Слепой шофер с обгорелым лицом в сердцах плюнул. Плевком своим слепым он хотел попасть в источник красоты, но в вечной темноте промахнулся. Сморчком влепило в лоб бабе-нормировщице, чуть забрызгало слюнкой и дурного дояра с собачьими глазами.
Тут же в толпе — на лошади, выше всех — раскорякой сидел брылястый свиноухий бригадир. Но он был мертвецки пьян и только мычал обкуренным ртом, но мычал, фигурально ерничая и подгаживая: мму!
— Куда харкаешь, выблядок?
Баба-нормировщица соскребла мокроту с лица и в досаде вытерла сырую руку о грудь хохочущей пуще всех старухи в рваном пиджаке поверх сальной майки. Прямо об майку и вытерла: чего ржешь, лярва старая!
Ммм-y-y-y-y! Юродствовал бригадир, пиная сапожными каблуками коня, и конь тоже заливисто ржал в приступе злобы; он был единственным животным, которое не молилось.
Народ был взбудоражен злом и страхом перед снежным сиянием спасения. Подростки назло для пакости и смеху пердели в штаны. Толкались, больно щипали ягодицы. Рябая деваха в резиновых сапогах на босу ногу ковыряла чирей на руке и матюкалась от боли.

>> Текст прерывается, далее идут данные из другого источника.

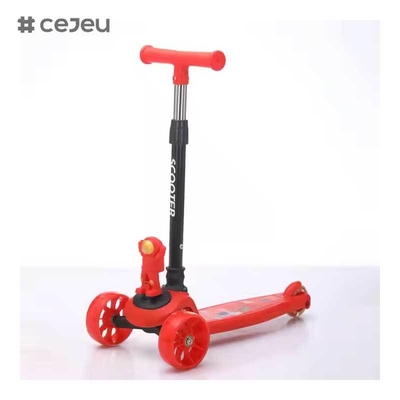 CJ-YLKB-808 2025 Venta caliente Pequeño astronauta Scooter eléctrico para niños Tres ruedas de PU luz y música producto de baile de resorte y barato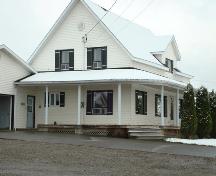 Photo en gros plan de la maison familiale sur la ferme Oscar Daigle et fils; Madawaska Planning Commission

Пьяненький пацан-подсобник в пилотке для вони и назло держал в руке за крыло гнилую ворону и, сладко хихикая, потыкивал смрадом дохлятины в носы сверстникам. В толпе адское скотство становилось всеобщим. Между старухой в пиджаке н оплеванной бабой- нормировщицей завязалась драка. Толпа подначивала:
— По зенкам ее тырь, по зенкам!
— Коленком в епальник.
Молодуха сначала взяла верх и, опрокинув старуху, села на грудь, хряско стукая наливными кулаками, норовя попасть в глаз. Но старухе той было от силы лет сорок пять, жилистой ведьме удалось вскочить, и она принялась неистово пинаться кирзовыми сапогами, стараясь достать живот. Молодуха вдруг попятилась:
— Ой, баб, я ж на сносях!
— Всади ей, матаня, по яйки.
— Сиськи пообкусывай.
— Вонючь ее! Вонючь!
Баба-Нормировщица пыталась прикрыть живот случайным ведром против ударов остервенелой старухи, но это не понравилось остальным, руки были перехвачены ражими сестрами-близнецами дояркой и продавщицей сельпо, рыжими лупоглазыми бабищами в спортивном трико. Ведро было отброшено. Тут же хищной плотвой налетели на жертву пацаны, сдирая ногтями юбку и обнажая Толпе голое налитое брюхо беременной, цапая пальцами мох между ногами, царапая ляжки, воя и возбуждаясь от насилия, безнаказанности и страха несчастной дуры. Пьяненький пацан-подсобник совал в рейтузы дохлую птицу.